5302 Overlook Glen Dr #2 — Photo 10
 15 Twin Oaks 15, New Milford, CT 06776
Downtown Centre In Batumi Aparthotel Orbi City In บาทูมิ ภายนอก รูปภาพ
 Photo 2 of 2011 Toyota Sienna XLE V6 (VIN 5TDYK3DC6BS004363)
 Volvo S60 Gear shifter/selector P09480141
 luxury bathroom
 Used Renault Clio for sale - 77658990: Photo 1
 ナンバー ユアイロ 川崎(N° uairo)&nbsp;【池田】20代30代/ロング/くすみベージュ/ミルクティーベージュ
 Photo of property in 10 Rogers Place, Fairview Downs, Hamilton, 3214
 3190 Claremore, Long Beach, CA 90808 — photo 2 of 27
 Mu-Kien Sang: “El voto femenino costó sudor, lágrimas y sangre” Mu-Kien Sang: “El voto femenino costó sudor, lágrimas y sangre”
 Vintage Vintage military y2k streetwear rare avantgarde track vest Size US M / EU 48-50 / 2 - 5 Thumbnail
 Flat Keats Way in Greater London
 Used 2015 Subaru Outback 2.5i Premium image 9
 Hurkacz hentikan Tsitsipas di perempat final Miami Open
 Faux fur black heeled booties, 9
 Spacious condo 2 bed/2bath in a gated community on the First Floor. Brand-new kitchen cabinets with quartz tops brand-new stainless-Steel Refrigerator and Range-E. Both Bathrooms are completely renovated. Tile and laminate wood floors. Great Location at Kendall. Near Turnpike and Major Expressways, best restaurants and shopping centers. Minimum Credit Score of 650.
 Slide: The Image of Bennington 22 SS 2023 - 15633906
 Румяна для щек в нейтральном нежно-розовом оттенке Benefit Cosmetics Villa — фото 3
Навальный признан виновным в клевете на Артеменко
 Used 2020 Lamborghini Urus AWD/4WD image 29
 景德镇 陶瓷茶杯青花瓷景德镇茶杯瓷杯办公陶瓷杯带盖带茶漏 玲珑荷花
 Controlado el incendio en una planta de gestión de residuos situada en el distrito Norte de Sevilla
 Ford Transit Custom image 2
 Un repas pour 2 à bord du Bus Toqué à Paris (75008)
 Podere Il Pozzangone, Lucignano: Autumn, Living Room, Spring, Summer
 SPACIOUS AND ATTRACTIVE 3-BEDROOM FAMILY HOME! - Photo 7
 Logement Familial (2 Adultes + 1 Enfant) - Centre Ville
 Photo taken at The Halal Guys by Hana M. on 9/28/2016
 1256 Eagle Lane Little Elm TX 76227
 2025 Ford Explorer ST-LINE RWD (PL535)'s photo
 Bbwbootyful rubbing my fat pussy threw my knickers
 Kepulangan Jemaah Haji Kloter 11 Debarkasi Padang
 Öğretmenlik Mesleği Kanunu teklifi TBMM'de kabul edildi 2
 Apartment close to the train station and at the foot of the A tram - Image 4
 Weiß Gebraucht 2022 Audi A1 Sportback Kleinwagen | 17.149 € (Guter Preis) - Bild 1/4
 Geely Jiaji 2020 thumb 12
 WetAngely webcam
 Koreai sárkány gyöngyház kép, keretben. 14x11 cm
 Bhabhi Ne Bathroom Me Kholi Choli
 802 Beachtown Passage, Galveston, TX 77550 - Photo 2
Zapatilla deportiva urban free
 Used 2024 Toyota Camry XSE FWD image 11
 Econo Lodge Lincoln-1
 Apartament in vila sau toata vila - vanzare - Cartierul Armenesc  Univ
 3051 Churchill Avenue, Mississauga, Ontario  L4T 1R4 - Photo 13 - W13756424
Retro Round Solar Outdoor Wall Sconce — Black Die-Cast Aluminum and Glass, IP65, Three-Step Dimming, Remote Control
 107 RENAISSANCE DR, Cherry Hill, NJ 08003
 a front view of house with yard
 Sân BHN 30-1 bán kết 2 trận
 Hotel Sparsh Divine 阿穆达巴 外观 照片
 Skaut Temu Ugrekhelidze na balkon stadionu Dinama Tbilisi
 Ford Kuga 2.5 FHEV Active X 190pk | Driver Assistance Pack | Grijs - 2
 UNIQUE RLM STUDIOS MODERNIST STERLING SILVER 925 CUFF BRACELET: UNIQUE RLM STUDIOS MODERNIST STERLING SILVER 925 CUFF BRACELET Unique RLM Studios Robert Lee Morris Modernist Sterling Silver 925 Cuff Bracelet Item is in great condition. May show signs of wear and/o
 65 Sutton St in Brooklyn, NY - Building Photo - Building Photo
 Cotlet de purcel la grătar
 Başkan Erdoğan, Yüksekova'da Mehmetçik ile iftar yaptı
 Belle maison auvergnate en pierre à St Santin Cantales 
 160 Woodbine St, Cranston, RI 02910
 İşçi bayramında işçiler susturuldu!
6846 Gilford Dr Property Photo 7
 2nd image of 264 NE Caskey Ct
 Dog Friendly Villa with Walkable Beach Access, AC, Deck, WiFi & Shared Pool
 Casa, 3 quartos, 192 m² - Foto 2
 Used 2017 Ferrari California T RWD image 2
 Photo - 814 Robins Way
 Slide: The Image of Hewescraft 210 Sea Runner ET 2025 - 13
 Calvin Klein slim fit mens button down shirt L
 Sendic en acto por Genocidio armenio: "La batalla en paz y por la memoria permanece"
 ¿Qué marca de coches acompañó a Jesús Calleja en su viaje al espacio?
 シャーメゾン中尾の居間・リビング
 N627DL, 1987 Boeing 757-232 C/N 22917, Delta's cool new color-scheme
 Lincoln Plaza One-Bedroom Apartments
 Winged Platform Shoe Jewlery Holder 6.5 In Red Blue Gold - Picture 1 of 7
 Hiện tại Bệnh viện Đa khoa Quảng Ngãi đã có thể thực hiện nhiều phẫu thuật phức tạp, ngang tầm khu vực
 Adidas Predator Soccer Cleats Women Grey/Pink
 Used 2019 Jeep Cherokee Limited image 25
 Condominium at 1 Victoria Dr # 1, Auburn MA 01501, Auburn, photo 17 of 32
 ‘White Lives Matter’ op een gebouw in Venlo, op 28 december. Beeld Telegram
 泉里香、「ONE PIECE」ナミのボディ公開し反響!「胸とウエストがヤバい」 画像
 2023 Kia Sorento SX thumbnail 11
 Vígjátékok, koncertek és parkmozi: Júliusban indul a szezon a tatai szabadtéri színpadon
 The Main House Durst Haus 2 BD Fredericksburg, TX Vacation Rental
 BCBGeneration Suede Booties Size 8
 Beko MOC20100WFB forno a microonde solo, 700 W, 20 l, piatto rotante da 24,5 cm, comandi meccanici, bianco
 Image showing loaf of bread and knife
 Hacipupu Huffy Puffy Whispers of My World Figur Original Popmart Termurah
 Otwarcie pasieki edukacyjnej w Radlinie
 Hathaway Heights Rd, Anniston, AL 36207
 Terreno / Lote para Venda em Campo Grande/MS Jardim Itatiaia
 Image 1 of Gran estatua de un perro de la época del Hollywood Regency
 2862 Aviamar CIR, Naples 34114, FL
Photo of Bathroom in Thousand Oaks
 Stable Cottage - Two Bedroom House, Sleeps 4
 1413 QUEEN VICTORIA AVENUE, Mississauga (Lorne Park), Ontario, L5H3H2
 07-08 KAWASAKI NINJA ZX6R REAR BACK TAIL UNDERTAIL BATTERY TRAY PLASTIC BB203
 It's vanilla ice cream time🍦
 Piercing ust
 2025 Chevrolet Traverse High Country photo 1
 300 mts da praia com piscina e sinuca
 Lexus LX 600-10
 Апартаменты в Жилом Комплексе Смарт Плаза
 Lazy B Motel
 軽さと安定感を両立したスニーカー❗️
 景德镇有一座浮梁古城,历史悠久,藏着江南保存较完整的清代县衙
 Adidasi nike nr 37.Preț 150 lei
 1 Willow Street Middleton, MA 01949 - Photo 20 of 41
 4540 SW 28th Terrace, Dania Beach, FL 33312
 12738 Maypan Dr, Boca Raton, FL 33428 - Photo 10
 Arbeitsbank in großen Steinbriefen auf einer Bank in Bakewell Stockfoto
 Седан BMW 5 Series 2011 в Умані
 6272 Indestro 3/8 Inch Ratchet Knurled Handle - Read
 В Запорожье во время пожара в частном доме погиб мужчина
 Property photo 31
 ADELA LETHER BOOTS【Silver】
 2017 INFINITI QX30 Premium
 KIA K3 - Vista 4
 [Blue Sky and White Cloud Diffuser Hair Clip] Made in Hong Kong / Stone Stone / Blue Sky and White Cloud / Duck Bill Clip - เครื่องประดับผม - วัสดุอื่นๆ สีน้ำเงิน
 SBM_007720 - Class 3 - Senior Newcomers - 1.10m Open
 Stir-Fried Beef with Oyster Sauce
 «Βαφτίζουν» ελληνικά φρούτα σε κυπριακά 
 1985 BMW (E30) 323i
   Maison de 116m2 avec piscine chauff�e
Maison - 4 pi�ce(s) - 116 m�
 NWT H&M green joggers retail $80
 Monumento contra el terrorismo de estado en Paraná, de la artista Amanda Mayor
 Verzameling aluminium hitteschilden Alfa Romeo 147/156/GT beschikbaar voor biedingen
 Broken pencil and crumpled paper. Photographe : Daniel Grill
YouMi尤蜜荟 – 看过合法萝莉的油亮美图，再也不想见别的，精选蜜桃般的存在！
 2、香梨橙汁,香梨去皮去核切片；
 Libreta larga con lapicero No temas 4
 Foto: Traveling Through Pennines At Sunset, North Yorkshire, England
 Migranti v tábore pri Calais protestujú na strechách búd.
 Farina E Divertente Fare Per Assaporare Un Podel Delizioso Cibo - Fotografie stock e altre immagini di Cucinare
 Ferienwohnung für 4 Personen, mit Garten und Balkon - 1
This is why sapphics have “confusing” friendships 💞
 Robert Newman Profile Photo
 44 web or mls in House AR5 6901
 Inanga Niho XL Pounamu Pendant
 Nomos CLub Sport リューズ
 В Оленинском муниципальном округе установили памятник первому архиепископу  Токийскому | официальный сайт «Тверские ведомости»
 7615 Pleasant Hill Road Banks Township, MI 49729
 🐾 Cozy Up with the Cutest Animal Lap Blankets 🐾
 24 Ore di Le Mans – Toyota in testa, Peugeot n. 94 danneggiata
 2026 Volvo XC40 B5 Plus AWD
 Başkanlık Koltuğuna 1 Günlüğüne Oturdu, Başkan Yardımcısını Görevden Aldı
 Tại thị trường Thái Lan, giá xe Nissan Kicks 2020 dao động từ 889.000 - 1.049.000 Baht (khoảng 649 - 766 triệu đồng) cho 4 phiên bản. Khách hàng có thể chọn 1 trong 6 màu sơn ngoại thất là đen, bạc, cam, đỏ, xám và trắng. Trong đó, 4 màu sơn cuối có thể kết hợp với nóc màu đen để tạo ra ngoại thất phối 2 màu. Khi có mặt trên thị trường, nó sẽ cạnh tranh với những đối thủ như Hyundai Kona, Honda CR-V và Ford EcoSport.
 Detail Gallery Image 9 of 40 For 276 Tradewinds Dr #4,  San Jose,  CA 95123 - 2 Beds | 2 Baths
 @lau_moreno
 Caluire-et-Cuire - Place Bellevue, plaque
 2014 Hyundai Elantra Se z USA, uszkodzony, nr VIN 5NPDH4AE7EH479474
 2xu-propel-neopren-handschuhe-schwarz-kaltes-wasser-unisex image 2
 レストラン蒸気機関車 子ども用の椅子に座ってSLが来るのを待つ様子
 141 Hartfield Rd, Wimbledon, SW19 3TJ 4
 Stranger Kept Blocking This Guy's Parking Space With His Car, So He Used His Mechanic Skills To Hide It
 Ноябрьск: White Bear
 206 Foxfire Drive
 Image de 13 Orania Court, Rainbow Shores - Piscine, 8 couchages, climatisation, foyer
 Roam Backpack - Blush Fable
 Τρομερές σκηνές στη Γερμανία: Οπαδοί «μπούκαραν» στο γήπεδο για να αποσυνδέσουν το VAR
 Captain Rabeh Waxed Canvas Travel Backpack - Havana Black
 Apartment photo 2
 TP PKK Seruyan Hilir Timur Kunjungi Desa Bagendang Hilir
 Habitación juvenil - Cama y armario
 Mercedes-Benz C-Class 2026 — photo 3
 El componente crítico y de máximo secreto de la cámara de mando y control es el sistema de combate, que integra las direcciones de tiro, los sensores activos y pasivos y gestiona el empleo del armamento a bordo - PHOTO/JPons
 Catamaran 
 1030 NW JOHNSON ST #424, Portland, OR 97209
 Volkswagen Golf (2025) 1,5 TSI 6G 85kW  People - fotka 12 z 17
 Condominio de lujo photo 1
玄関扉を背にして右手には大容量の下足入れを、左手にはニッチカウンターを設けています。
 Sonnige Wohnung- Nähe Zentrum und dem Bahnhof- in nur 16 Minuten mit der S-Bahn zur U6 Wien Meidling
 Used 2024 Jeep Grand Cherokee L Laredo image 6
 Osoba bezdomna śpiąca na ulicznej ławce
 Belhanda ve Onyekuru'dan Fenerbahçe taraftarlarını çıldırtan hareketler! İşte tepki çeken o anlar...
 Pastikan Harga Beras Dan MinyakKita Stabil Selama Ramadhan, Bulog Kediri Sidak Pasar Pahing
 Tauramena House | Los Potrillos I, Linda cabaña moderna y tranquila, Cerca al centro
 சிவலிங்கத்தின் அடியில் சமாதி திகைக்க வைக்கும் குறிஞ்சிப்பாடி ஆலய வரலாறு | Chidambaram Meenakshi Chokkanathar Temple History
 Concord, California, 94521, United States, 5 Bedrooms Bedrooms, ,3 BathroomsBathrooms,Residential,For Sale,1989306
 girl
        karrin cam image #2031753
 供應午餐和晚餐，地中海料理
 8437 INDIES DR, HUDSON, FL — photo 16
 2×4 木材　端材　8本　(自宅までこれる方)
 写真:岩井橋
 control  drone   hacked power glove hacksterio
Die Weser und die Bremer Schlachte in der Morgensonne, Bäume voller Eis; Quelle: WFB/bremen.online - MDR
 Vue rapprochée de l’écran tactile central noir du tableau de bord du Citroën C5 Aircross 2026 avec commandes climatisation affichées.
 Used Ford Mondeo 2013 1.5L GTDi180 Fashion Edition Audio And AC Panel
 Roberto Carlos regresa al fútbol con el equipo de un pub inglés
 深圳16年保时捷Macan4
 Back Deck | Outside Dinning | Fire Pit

### Task brief
How many lines in the entries above hold the word "Open"? Reply with the number by itself.

### Solution to the exercise
2